__TASK GOAL__:
Look below for the line that has "Mattress Strap Twin". Set down the lines from there through the line that has "DIY Button Maker", exactly as written.

RECORDS SUPPLIED Block Start

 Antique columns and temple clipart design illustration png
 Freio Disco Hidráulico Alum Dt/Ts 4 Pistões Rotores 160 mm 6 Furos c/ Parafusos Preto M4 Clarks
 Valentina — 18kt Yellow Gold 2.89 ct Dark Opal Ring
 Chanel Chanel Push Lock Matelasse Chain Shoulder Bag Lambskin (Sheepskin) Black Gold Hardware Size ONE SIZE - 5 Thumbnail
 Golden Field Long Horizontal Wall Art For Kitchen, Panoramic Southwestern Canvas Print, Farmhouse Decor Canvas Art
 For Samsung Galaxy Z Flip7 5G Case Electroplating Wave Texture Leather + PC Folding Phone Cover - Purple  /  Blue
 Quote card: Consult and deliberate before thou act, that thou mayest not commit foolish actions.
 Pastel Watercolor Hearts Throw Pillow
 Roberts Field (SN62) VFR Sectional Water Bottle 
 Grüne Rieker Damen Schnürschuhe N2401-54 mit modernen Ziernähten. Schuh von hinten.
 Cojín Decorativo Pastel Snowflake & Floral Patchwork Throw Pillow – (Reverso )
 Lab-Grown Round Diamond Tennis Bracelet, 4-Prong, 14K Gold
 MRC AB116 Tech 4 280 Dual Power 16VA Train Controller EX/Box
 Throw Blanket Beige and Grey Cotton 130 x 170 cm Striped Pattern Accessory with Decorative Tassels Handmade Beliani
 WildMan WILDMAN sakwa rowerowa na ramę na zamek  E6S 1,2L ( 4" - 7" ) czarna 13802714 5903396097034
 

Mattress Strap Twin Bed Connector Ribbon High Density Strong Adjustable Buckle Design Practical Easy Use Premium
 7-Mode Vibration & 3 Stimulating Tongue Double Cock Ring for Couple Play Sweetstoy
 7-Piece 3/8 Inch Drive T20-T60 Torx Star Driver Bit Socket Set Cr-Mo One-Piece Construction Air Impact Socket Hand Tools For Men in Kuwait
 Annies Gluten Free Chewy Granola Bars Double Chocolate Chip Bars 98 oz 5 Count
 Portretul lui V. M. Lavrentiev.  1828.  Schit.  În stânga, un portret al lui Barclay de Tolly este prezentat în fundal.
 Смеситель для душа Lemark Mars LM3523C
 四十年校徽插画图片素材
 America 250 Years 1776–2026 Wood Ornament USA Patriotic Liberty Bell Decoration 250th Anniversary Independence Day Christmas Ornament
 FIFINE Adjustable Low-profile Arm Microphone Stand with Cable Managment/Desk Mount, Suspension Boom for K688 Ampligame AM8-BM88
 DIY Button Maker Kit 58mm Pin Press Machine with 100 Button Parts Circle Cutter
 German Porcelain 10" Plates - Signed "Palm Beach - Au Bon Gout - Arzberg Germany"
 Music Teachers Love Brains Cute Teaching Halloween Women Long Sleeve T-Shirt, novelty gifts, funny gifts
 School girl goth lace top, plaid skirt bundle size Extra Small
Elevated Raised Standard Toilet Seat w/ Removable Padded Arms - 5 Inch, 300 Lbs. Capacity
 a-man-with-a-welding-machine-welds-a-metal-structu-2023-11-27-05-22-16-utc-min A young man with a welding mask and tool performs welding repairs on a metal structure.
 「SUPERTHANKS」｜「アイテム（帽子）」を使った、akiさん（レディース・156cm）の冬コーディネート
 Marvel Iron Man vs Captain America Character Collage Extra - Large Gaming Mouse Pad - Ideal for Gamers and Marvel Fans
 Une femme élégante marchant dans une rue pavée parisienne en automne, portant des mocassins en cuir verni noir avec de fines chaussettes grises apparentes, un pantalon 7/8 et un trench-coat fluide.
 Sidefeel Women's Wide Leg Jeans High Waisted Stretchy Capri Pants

RECORDS SUPPLIED Block End

__WRITTEN SOLUTION__:
Mattress Strap Twin Bed Connector Ribbon High Density Strong Adjustable Buckle Design Practical Easy Use Premium
 7-Mode Vibration & 3 Stimulating Tongue Double Cock Ring for Couple Play Sweetstoy
 7-Piece 3/8 Inch Drive T20-T60 Torx Star Driver Bit Socket Set Cr-Mo One-Piece Construction Air Impact Socket Hand Tools For Men in Kuwait
 Annies Gluten Free Chewy Granola Bars Double Chocolate Chip Bars 98 oz 5 Count
 Portretul lui V. M. Lavrentiev.  1828.  Schit.  În stânga, un portret al lui Barclay de Tolly este prezentat în fundal.
 Смеситель для душа Lemark Mars LM3523C
 四十年校徽插画图片素材
 America 250 Years 1776–2026 Wood Ornament USA Patriotic Liberty Bell Decoration 250th Anniversary Independence Day Christmas Ornament
 FIFINE Adjustable Low-profile Arm Microphone Stand with Cable Managment/Desk Mount, Suspension Boom for K688 Ampligame AM8-BM88
 DIY Button Maker Kit 58mm Pin Press Machine with 100 Button Parts Circle Cutter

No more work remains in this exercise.